> _WORK TO BE COMPLETED_
Output must match the records, character for character.

> _AVAILABLE DATA_
+-------+

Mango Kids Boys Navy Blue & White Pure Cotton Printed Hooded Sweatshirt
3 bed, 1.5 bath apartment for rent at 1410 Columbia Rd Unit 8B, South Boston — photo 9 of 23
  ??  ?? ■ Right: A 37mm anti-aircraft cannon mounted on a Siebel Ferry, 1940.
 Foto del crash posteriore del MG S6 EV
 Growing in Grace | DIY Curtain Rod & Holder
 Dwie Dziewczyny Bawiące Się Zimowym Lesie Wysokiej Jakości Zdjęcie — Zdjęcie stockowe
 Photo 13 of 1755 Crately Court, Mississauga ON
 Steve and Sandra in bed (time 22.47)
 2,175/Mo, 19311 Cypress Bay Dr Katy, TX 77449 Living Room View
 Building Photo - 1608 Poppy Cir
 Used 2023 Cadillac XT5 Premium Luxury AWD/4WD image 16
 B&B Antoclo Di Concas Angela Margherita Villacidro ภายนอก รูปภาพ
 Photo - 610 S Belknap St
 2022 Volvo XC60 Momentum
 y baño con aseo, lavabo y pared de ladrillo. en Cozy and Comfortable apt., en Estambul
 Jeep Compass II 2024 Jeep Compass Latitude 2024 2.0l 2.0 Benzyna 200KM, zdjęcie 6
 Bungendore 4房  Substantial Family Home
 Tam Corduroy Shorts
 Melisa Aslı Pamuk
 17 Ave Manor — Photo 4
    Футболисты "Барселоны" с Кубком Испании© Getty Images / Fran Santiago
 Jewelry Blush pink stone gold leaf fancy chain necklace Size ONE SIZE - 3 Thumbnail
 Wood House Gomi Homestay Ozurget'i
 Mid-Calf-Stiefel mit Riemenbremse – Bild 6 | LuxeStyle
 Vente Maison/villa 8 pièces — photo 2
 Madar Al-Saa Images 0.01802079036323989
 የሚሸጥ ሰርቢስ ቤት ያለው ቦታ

+-------+

> _ANSWER FOR THIS EXERCISE_
Mango Kids Boys Navy Blue & White Pure Cotton Printed Hooded Sweatshirt
3 bed, 1.5 bath apartment for rent at 1410 Columbia Rd Unit 8B, South Boston — photo 9 of 23
  ??  ?? ■ Right: A 37mm anti-aircraft cannon mounted on a Siebel Ferry, 1940.
 Foto del crash posteriore del MG S6 EV
 Growing in Grace | DIY Curtain Rod & Holder
 Dwie Dziewczyny Bawiące Się Zimowym Lesie Wysokiej Jakości Zdjęcie — Zdjęcie stockowe
 Photo 13 of 1755 Crately Court, Mississauga ON
 Steve and Sandra in bed (time 22.47)
 2,175/Mo, 19311 Cypress Bay Dr Katy, TX 77449 Living Room View
 Building Photo - 1608 Poppy Cir
 Used 2023 Cadillac XT5 Premium Luxury AWD/4WD image 16
 B&B Antoclo Di Concas Angela Margherita Villacidro ภายนอก รูปภาพ
 Photo - 610 S Belknap St
 2022 Volvo XC60 Momentum
 y baño con aseo, lavabo y pared de ladrillo. en Cozy and Comfortable apt., en Estambul
 Jeep Compass II 2024 Jeep Compass Latitude 2024 2.0l 2.0 Benzyna 200KM, zdjęcie 6
 Bungendore 4房  Substantial Family Home
 Tam Corduroy Shorts
 Melisa Aslı Pamuk
 17 Ave Manor — Photo 4
    Футболисты "Барселоны" с Кубком Испании© Getty Images / Fran Santiago
 Jewelry Blush pink stone gold leaf fancy chain necklace Size ONE SIZE - 3 Thumbnail
 Wood House Gomi Homestay Ozurget'i
 Mid-Calf-Stiefel mit Riemenbremse – Bild 6 | LuxeStyle
 Vente Maison/villa 8 pièces — photo 2
 Madar Al-Saa Images 0.01802079036323989
 የሚሸጥ ሰርቢስ ቤት ያለው ቦታ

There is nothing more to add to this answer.